Only three years later he returned briefly to Jerusalem specifically to visit Peter and James, the Lord’s brother. [Gal 1:18, 19.] One is not surprized to discover that the first believers ever to be called Christians were the Greeks in Antioch who sat under Paul’s ministry. [Acts 11.]
After his encounter with the risen Jesus James writes in Jam 1:17 that the Father of lights brought us forth by the word of truth. When anyone hears this word, he sees the face of his genesis as in a mirror. “for he sees himself”.
What James, Peter and Paul had in common was an understanding that their flesh and blood birth did not define them. Jesus came to reveal and redeem mankind’s authentic spirit identity.
Mankind share three births in common:
1/ Man began in God. Mal 2:10. Have we not all one father? Has not one God created us? See John 3:13 No one ascends into heaven but he who also descended from heaven, even the son of man. See also Matt 22:41-46 and Matt 23:9.
2/ The only passport to planet earth is the womb of a mother. “Before I formed you in the womb I knew you.” Jer 1:5. It is not our brief history on earth that introduces us to God.

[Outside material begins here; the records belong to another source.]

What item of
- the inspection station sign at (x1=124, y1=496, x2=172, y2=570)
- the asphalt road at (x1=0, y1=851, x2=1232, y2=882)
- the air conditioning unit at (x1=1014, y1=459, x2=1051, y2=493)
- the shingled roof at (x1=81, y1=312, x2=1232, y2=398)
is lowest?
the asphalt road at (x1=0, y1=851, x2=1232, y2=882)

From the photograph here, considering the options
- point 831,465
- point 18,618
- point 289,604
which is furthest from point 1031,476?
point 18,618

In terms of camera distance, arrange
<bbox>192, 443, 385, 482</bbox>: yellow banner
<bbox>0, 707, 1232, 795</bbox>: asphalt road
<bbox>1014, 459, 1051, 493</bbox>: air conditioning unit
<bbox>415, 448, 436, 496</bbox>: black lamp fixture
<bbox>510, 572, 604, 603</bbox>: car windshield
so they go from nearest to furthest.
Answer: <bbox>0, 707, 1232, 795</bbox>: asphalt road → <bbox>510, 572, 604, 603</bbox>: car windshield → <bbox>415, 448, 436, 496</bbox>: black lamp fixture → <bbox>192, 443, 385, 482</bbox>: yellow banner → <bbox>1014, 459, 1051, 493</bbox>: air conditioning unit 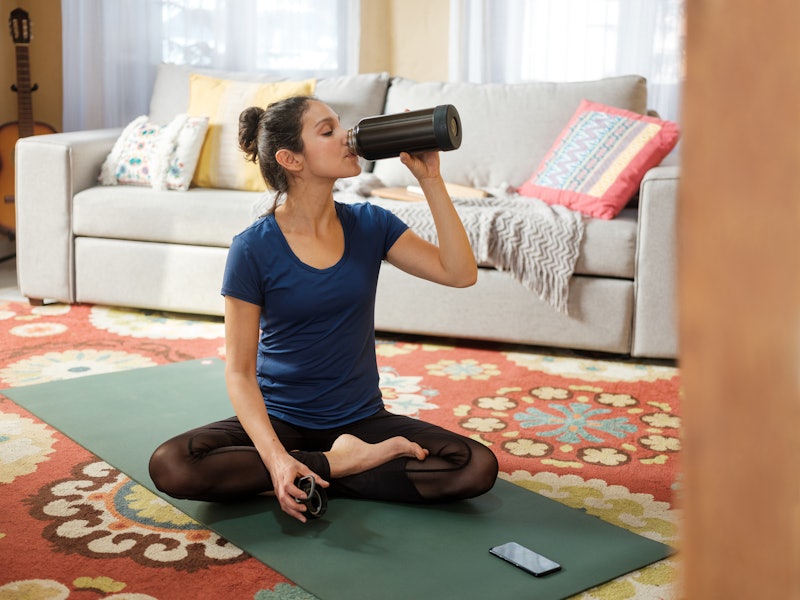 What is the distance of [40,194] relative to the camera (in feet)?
11.7

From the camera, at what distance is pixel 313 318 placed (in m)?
1.95

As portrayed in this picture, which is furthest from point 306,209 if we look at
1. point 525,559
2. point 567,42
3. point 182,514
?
point 567,42

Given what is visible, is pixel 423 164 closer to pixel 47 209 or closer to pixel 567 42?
pixel 47 209

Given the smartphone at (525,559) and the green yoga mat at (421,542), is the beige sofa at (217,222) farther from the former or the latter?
the smartphone at (525,559)

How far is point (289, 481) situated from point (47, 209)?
2224mm

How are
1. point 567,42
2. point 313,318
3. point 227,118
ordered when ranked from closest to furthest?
point 313,318, point 227,118, point 567,42

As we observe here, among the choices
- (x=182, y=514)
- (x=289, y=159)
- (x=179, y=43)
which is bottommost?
(x=182, y=514)

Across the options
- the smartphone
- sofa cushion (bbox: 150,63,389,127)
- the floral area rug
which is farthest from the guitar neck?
the smartphone

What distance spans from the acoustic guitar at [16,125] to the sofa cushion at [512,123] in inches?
65.9

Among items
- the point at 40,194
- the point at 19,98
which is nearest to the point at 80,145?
the point at 40,194

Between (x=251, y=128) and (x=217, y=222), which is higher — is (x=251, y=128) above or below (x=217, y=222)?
above

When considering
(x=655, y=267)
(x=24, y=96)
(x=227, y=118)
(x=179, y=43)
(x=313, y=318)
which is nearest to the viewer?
(x=313, y=318)

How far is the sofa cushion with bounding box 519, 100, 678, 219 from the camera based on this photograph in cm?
318

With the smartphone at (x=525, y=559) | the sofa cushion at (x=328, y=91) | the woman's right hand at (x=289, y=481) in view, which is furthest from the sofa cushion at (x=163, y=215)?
the smartphone at (x=525, y=559) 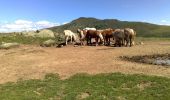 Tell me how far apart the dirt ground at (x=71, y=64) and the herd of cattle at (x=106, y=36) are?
5.70 m

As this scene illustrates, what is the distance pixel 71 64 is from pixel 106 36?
1776 cm

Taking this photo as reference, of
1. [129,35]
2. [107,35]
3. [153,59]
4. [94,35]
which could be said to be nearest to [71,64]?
[153,59]

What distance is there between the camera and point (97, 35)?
49.5m

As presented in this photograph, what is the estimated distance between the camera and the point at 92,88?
26.5 metres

3/ In God’s faith every human life is equally represented and included in Jesus Christ. “One has died for all; therefore all have died.” 2 Cor 5:14. “While we were still dead in our sins, God made us alive together with Christ and co-raised us together with Christ.” Eph 2:5. We have been born anew through the resurrection of Jesus Christ from the dead. 1Pet 1:3. “Now if all were included in his death they were equally included in his resurrection.” 2 Cor 5:15; Hosea 6:2.
Paul describes the “metanoia-moment” in Titus 3:4 But then, oh happy day. It was the generosity of God and his fondness for mankind that dawned on us like a shaft of light. Our days of darkness were over. Light shone everywhere and we became aware: God rescued the human race. See Titus 2:11.
Titus 3:5 Salvation is not a reward for good behavior. It has absolutely nothing to do with anything that we have done. God’s mercy saved us. The Holy Spirit endorses in us what happened to us when Jesus Christ died and was raised. When we heard the glad announcement of salvation it was like taking a deep warm bath. We were thoroughly cleansed and resurrected in a new birth. It was a complete renovation that restored us to sparkling newness of life.
In 2 Cor 5:16 Paul declares: “From now on therefore, we no longer know anyone according to the flesh.”
James says, “We can say beautiful things about God the Father but with the same mouth curse a person made in his mirror likeness.” (True worship is to touch someone’s life with the same devotion and care you would touch Jesus himself; even if the other person seems a most unlikely candidate. James 3:9.)